ART-BONUS: i benefici fiscali a sostegno della cultura di Alessandra de Rosa 

 

Alessandra derosa

 

 

Promuovere la protezione e lo sviluppo dell’eredità culturale è tra gli obiettivi prioritari dell’Unione Europea consacrati nel Trattato di Lisbona e nel Trattato sul funzionamento dell’Unione Europea. In questa direzione si pone anche la Convenzione di Faro del Consiglio d’Europa con cui gli Stati membri si sono impegnati a “promuovere la protezione dell’eredità culturale” assicurandosi che “nel contesto dell’ordinamento giuridico esistano le disposizioni legislative per esercitare il diritto all’eredità culturale”. Dal punto di vista domestico, la promozione della cultura e la tutela del patrimonio storico e artistico costituiscono valori fondanti del nostro ordinamento giuridico, elevati al rango costituzionale (art. 9 Cost.), che il Legislatore ha inteso promuovere anche attraverso incentivi di carattere fiscale.
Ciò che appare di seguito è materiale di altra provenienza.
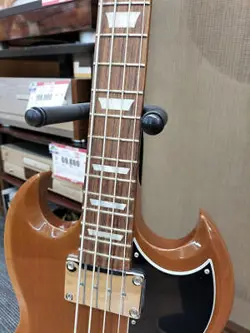 WALNUT MAHOGANY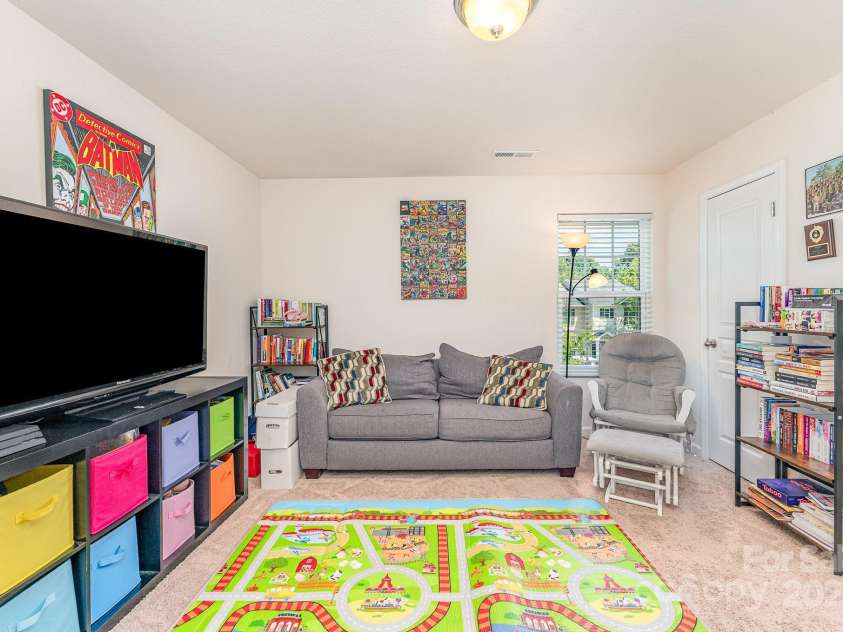 4702 Opus Lane, Charlotte, NC 28214.  MLS# CAR4281582, YatesRealty ID 30510. 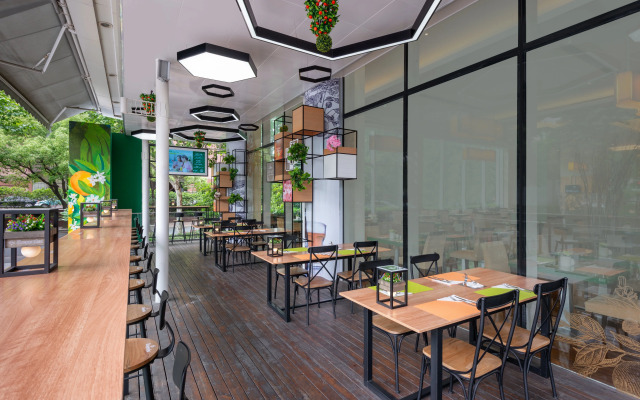 Holiday Inn Shanghai Pudong by IHG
Nel 2014 l'Italia ha, infatti, introdotto una rilevante leva fiscale con l’intenzione di dare attuazione all’obiettivo di tutela del patrimonio culturale, di cui il nostro Paese è terra particolarmente rigogliosa.

Parliamo del c.d. Art-bonus, meccanismo di incentivazione fiscale che riconosce un credito d’imposta al fine di favorire le erogazioni liberali a sostegno della cultura.
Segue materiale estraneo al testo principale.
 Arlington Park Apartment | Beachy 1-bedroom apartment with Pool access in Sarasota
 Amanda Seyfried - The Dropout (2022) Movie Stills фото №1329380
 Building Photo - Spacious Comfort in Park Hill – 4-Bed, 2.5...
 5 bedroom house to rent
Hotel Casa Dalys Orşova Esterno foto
Inizialmente pensato per il triennio 2014-2016, l’Art-bonus è stato messo a regime dalla Legge di Stabilità 2016, che ha quindi reso l’agevolazione permanente. L’incentivo fiscale prevede che il credito di imposta sia pari al 65% delle erogazioni liberali in denaro ripartito in tre quote annuali di pari importo.
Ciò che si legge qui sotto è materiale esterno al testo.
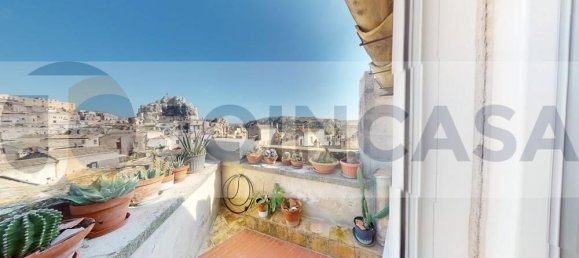 Дом с 5 комнатами в Матера, Италия № 171978 17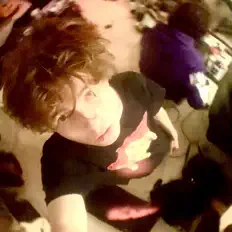 Poslechněte si interpreta Maki Adams, sledujte hudební videa, přečtěte si životopis, podívejte se na data turné a další informace.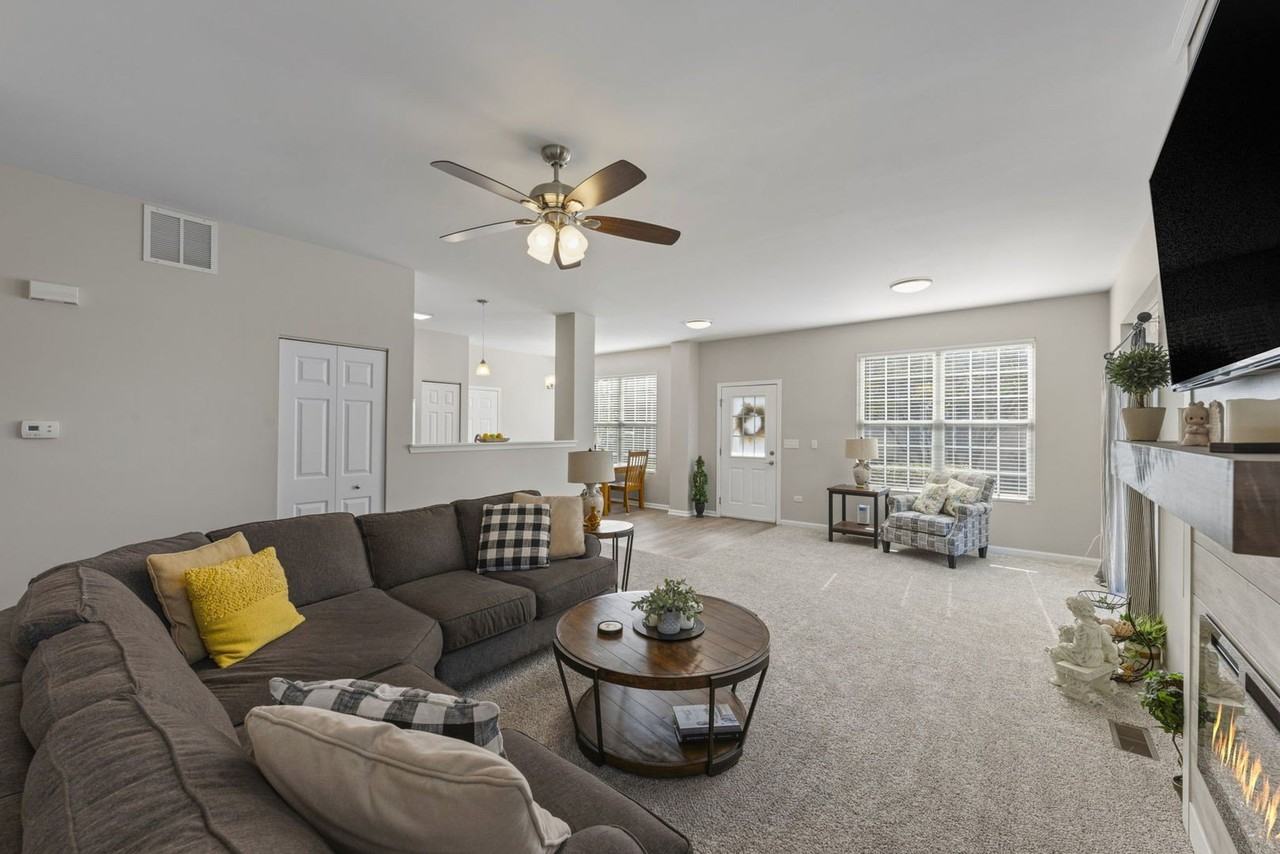 317 Grape Vine Trl - Photo 4 of 11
Ai sensi dell’art. 1, comma 1 e 2, del Decreto Legge del 31 maggio 2014 n. 83 (convertito in legge, con modificazioni, dall’art. 1, comma 1, Legge 29 luglio 2014, n. 106) rientrano nell'ambito di applicazione dell'Art-bonus le erogazione aventi a oggetto: i) interventi di restauro, protezione e manutenzione di un bene culturale pubblico; ii) interventi di sostegno a Istituti e Luoghi della cultura di appartenenza pubblica, alle Fondazioni lirico-sinfoniche, ai Teatri di tradizione, alle Istituzioni concertistico-orchestrali, ai Teatri nazionali, ai Teatri di rilevante interesse culturale, ai Festival, alle Imprese e ai Centri di produzione teatrale e di danza, ai Circuiti di distribuzione; iii) interventi volti alla realizzazione di nuove strutture, al restauro e al potenziamento di quelle esistenti operati da Enti o Istituzioni pubbliche che, senza scopo di lucro, svolgono esclusivamente attività nello spettacolo; iv) interventi di manutenzione, protezione e restauro di un bene pubblico ad opera di soggetti concessionari o affidatari di beni culturali pubblici; v) elargizioni effettuate al MIBAC per interventi di manutenzione, protezione e restauro su beni culturali di interesse religioso presenti nei Comuni delle Regioni Abruzzo, Lazio, Marche e Umbria interessati dagli eventi sismici del 24 agosto 2016; vi) interventi a sostegno dell’Istituto superiore per la conservazione e il restauro, dell’Opificio delle pietre dure e dell’Istituto centrale per il restauro e la conservazione del patrimonio archivistico e librario.

Inoltre, la Legge 12 dicembre 2019, n. 156 ha esteso l’ambito di applicazione anche alle erogazioni liberali effettuate per la salvaguardia del patrimonio di interesse religioso delle città di Venezia e Matera colpite dai recenti nubifragi.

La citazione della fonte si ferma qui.